There are numerous advantages of active speakers over passives. Whether these are significant or not in a given instance will depend on the specific design goal(s).
Active speakers allow a speaker designer to do the a number of things that are not possible (or highly impractical) in passive designs:
- Avoiding caps, coils and resistors in the signal path, all of which degrade performance by adding distortion (not necessarily to the extent that it’s audible of course) and reducing efficiency.
- Placing the acoustic centres of the drivers in locations optimised for acoustic interaction with the baffle and/or horn, without being shackled by the necessity of keeping the acoustic centres of the drivers on roughly the same Z-plane.
- Implementing complex crossover filters enabling any/all of the following:
- steeper crossover slopes (lowering distortion/stress on drivers)
- better rejection of out-of-band signal (also lowering distortion/stress on drivers)
- more precise use of crossover phase cancellation to control directivity (see e.g. Horbach-Keele)

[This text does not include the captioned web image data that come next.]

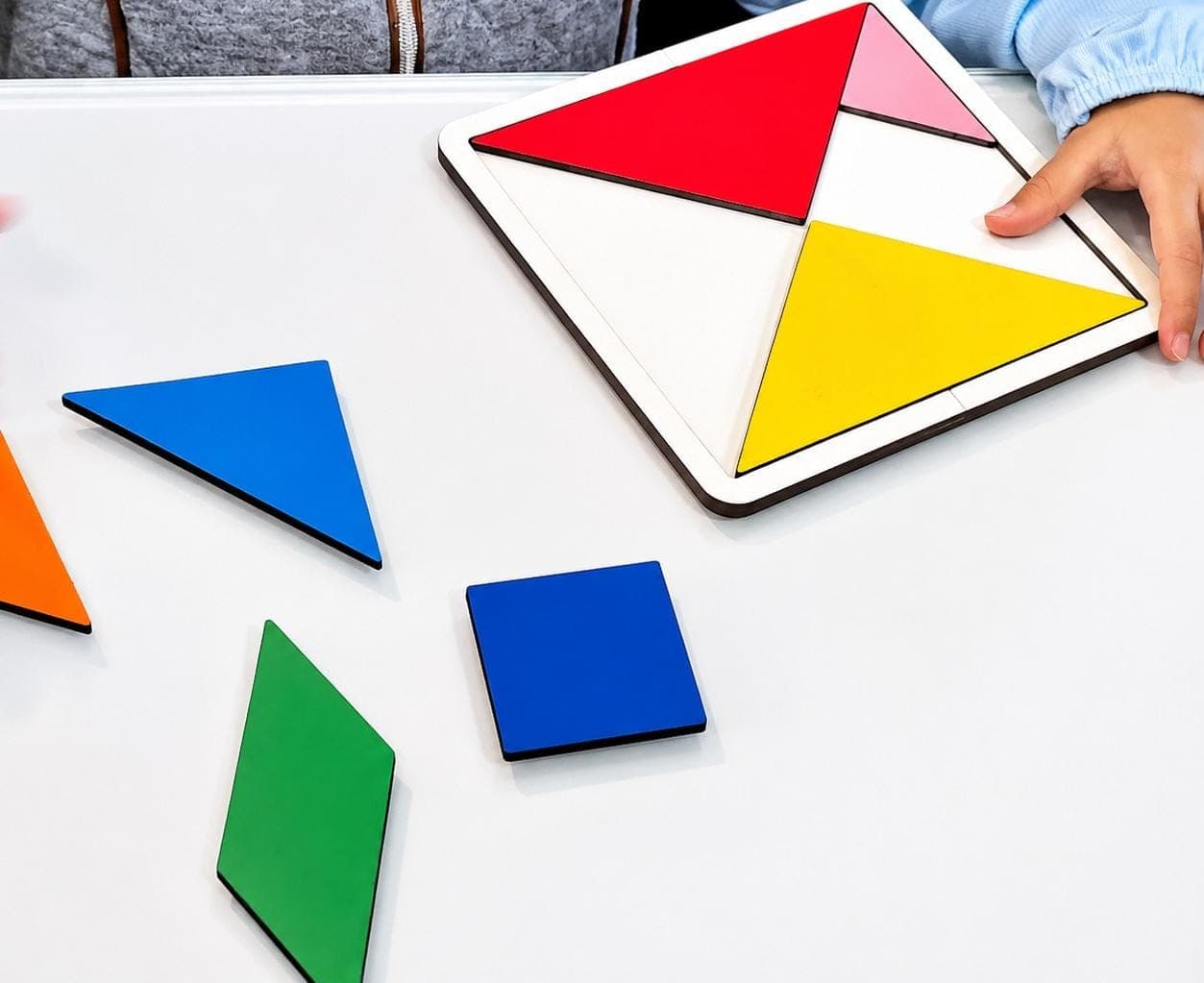 Criança montando o tangram na base de MDF, com as peças soltas sobre a mesa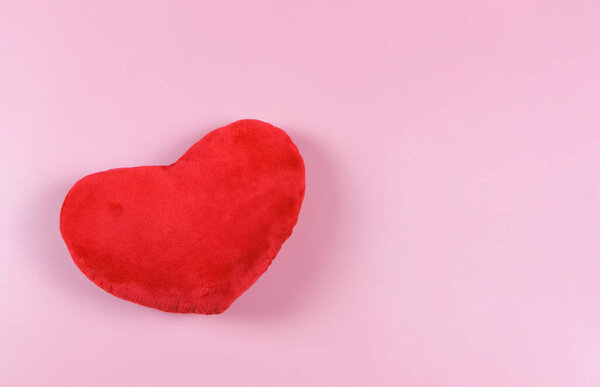 Top view or flat lay of red heart pillow on pink background with copy space, isolated. Valentine's day concept.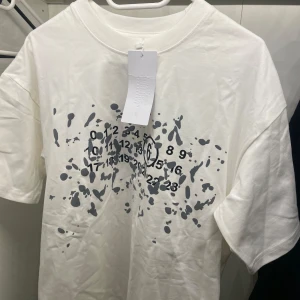 Maison Margiela T-shirt - Säljer en vit t-shirt med ett unikt tryck av siffror och abstrakta former i grått. T-shirten har en rund hals och korta ärmar. Perfekt för en stilren och modern look. Maison margiela t shirt. Nyskick, aldirg använd. Skriv till mig för mer frågor eller bilder🤩💫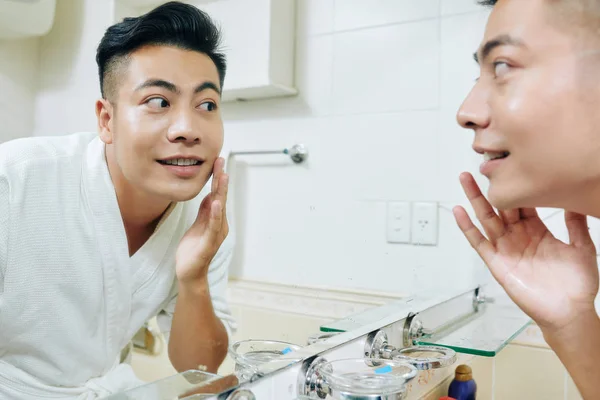 Bonito Positivo Jovem Asiático Homem Aplicando Hidratante Loção Rosto Frente — Fotografia de Stock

- implementation of cardioid radiation patterns allowing for wider-bandwidth directivity control (see e.g. Kii Three)
- Extremely fine equalisation of driver responses, enabling the designer to select from a wider range of drivers/driver properties in the first place.
There are of course many active designs that would be only marginally better if implemented passively. In these cases, the only real improvements would be slightly more linear frequency response and less stress on the bass driver(s) (both of which can be implemented in DSP in the playback system anyway). In these cases, the differences are negligible.
However, for the reasons mentioned above, there are certainly many possibilities that active implementations offer speaker designers that enable them to produce speakers that have flatter frequency response, more precisely controlled directivity, lower distortion, and greater SPL capability than would otherwise have been possible.